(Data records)
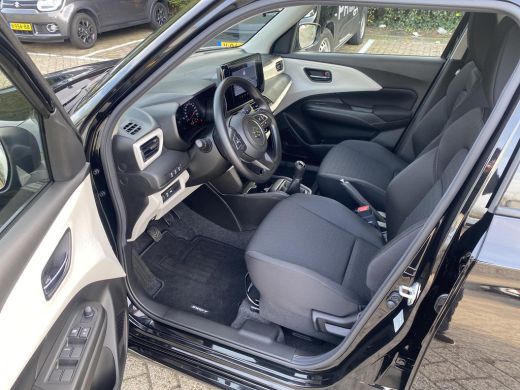 Suzuki Swift 1.2 Comfort Smart Hybrid | Nieuwe auto !| Direct uit voorraad leverbaar | ActivLease financial lease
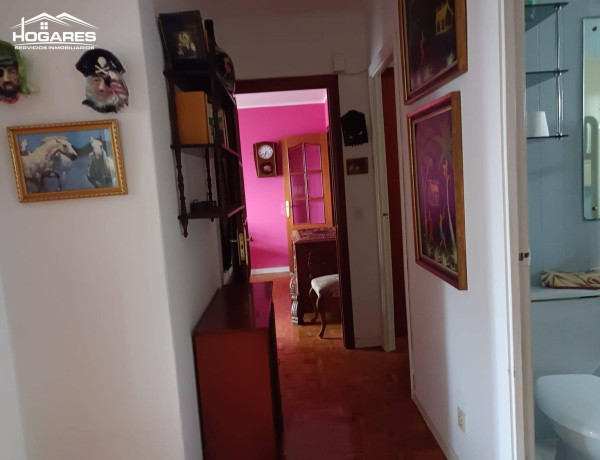 Продажа первого этажа в  Calle de Pi y Margall, Vigo photo 3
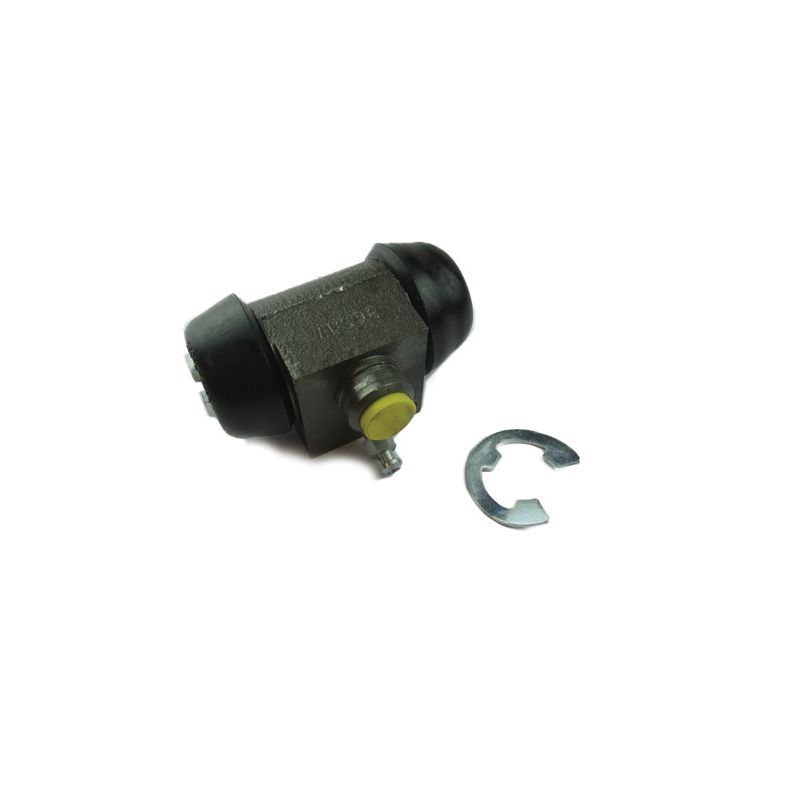 REAR WHEEL CYLINDER:  STAG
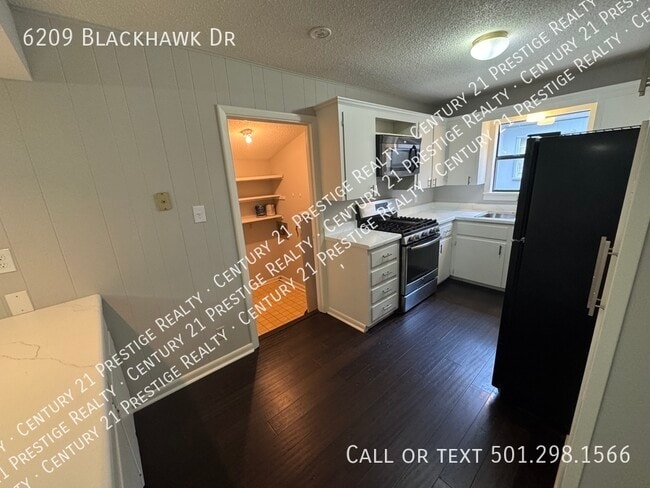 Building Photo - 6209 Blackhawk Dr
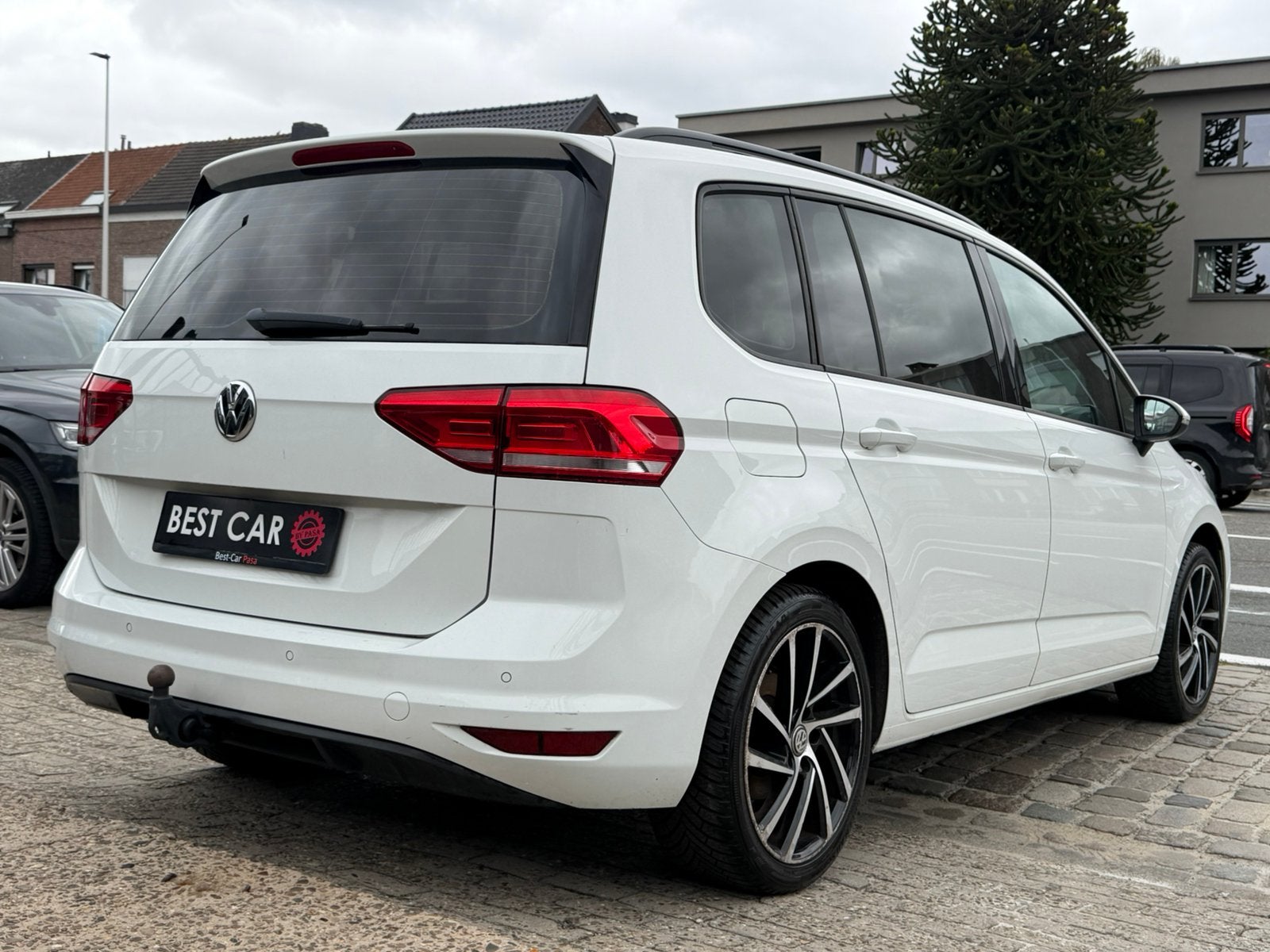 VW Touran 1.6TDi DSG * AutoMaat, Automaat, Euro 6, Wit, Bedrijf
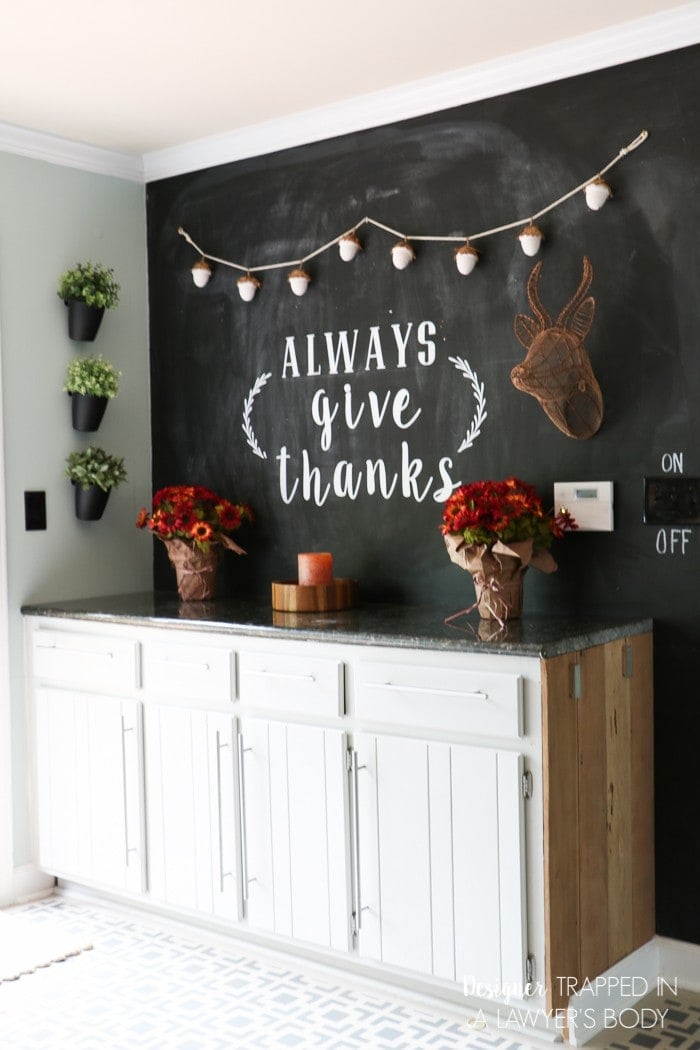 LOVE THIS fall chalkboard art and fall decor from Designer Trapped in a Lawyer's Body! Learn the easiest way to create a chalkboard wall with this tutorial.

REQUIREMENT: "Продажа первого этажа" marks the first line to copy, and "VW Touran 1.6TDi" marks the last. Repeat that stretch above exactly, with no pictures.

ANSWER TO THIS PROBLEM:
 Продажа первого этажа в  Calle de Pi y Margall, Vigo photo 3
 REAR WHEEL CYLINDER:  STAG
 Building Photo - 6209 Blackhawk Dr
 VW Touran 1.6TDi DSG * AutoMaat, Automaat, Euro 6, Wit, Bedrijf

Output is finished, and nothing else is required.